The authors embed this learning‑and‑sampling pipeline into the standard MOEA/D loop, preserving the decomposition, neighbourhood, and external archive mechanisms. They also adopt the replacement strategy of Wang et al. (2015) that limits the number of solutions replaced by a new offspring, thereby preventing premature cloning.

Experimental evaluation focuses on a multi‑objective version of the deceptive Trap5 function, a binary problem where each block of five bits contributes a high fitness only when all bits are 1; otherwise the contribution is low. This structure creates strong epistatic interactions that are difficult for algorithms that assume independence. Three algorithmic variants are compared: (1) classic MOEA/D with crossover/mutation, (2) MOEA/D‑GM with univariate models (MOEA/D‑GM‑Uni), and (3) MOEA/D‑GM with tree models (MOEA/D‑GM‑Tree). Performance is measured using Inverted Generational Distance (IGD) and Hypervolume (HV) across 30 independent runs per configuration. Statistical significance is assessed with the Wilcoxon signed‑rank test.

Results show that MOEA/D‑GM‑Tree consistently achieves lower IGD and higher HV than both baselines. The tree model successfully captures the pairwise dependencies inherent in the Trap5 landscape, guiding the search toward the true Pareto front while maintaining diversity. The univariate model performs similarly to, or slightly worse than, the classic MOEA/D, confirming that ignoring dependencies hampers progress on deceptive problems. Computational overhead of learning the mutual‑information matrix (O(n²) where n is the number of variables) and constructing the tree is modest; overall runtime remains comparable to the baseline because model‑based sampling is cheap relative to crossover and mutation.

The paper positions MOEA/D‑GM as one of the first frameworks that couples decomposition‑based multi‑objective optimization with Estimation‑of‑Distribution Algorithms (EDAs) on a per‑sub‑problem basis. By allowing each sub‑problem to learn its own tailored graphical model, the approach can adapt to heterogeneous structures across the weight‑vector space. The authors discuss related work, noting that prior MOEA/D‑based EDAs have largely relied on univariate models and therefore could not exploit epistatic information.

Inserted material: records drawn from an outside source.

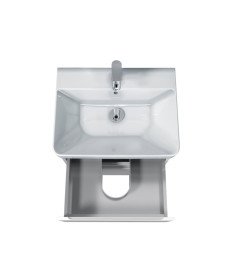 Тумба подвесная Мойдодыр Unik 60-A с раковиной Vivace ДСП/МДФ белый глянец 00-0009164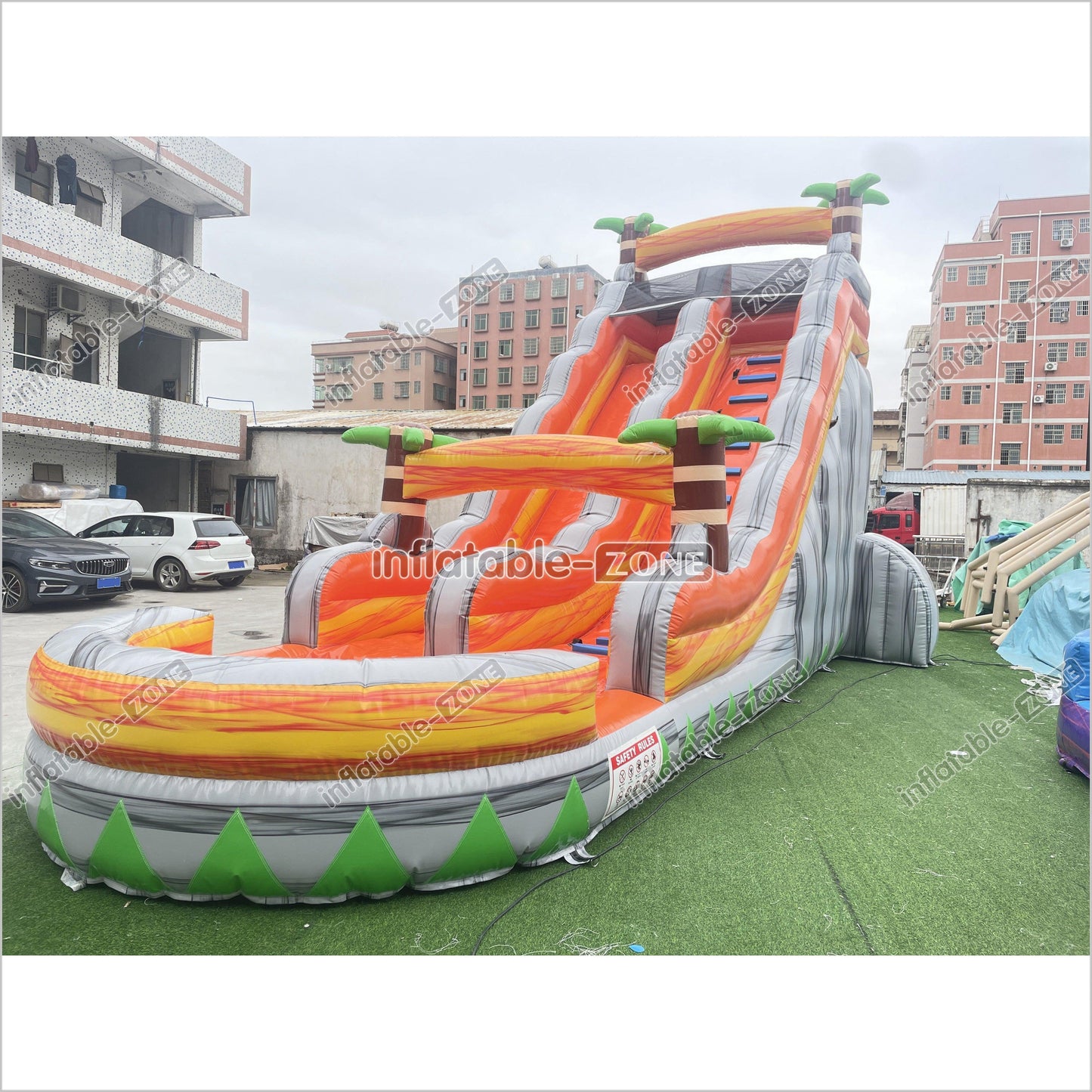 Tropical Inflatable Water Slide With Splash Pool Large Commerical Outdoor Lava Water Slide - Inflatable-Zone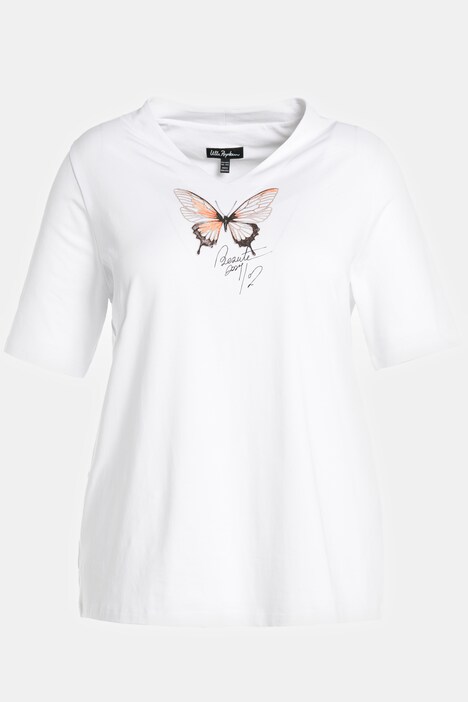 T-shirt, papillon, col calice, manches courtes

Future research directions include extending the framework to richer PGMs such as Bayesian networks or Markov random fields, handling continuous or mixed‑type variables, dynamically adapting neighbourhood size and weight vectors, and scaling to many‑objective scenarios (more than three objectives). The authors also suggest investigating hybridization with local search and parallel implementations to further improve efficiency.

In summary, MOEA/D‑GM demonstrates that incorporating probabilistic graphical models—particularly tree‑structured models derived from mutual information—into the MOEA/D paradigm yields substantial gains on deceptive combinatorial multi‑objective problems. The work provides both theoretical insight into the benefits of modeling variable dependencies and practical evidence of improved convergence and diversity, opening a promising avenue for advanced multi‑objective evolutionary optimization.